• The data:
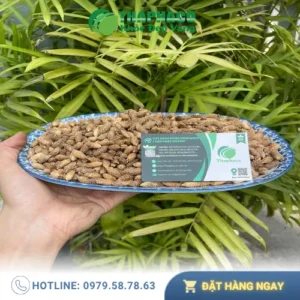 1kg Ké Đầu Ngựa Sấy Khô Giá Bao Nhiêu? THAPHACO Chất Lượng Cao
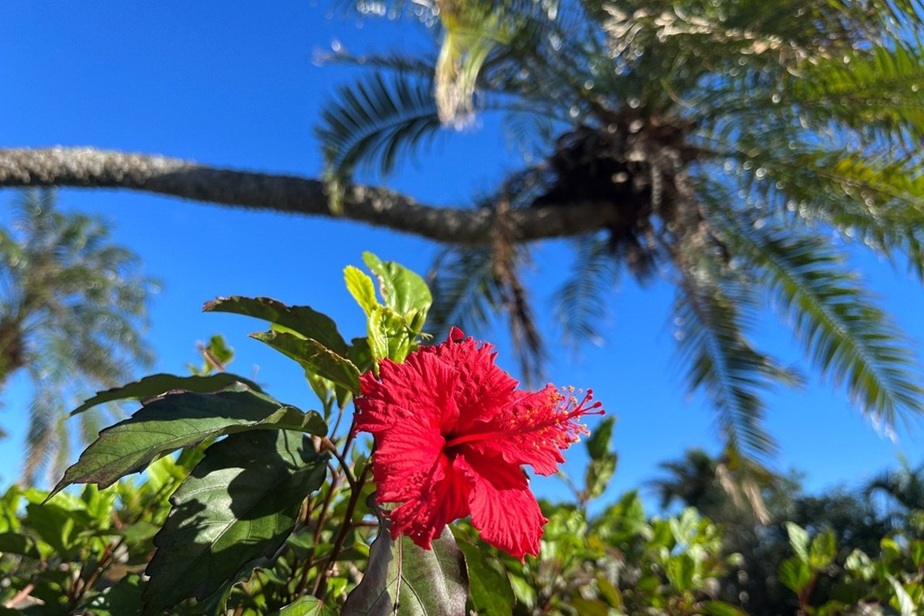 宮古島のハイビスカス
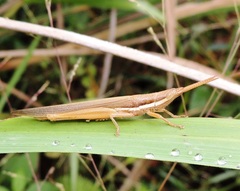 Leptysma marginicollis marginicollis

• Activity: The pictures alone are to be left out when the data above is copied; all else must match exactly.

• Reply:
 1kg Ké Đầu Ngựa Sấy Khô Giá Bao Nhiêu? THAPHACO Chất Lượng Cao
 宮古島のハイビスカス
 Leptysma marginicollis marginicollis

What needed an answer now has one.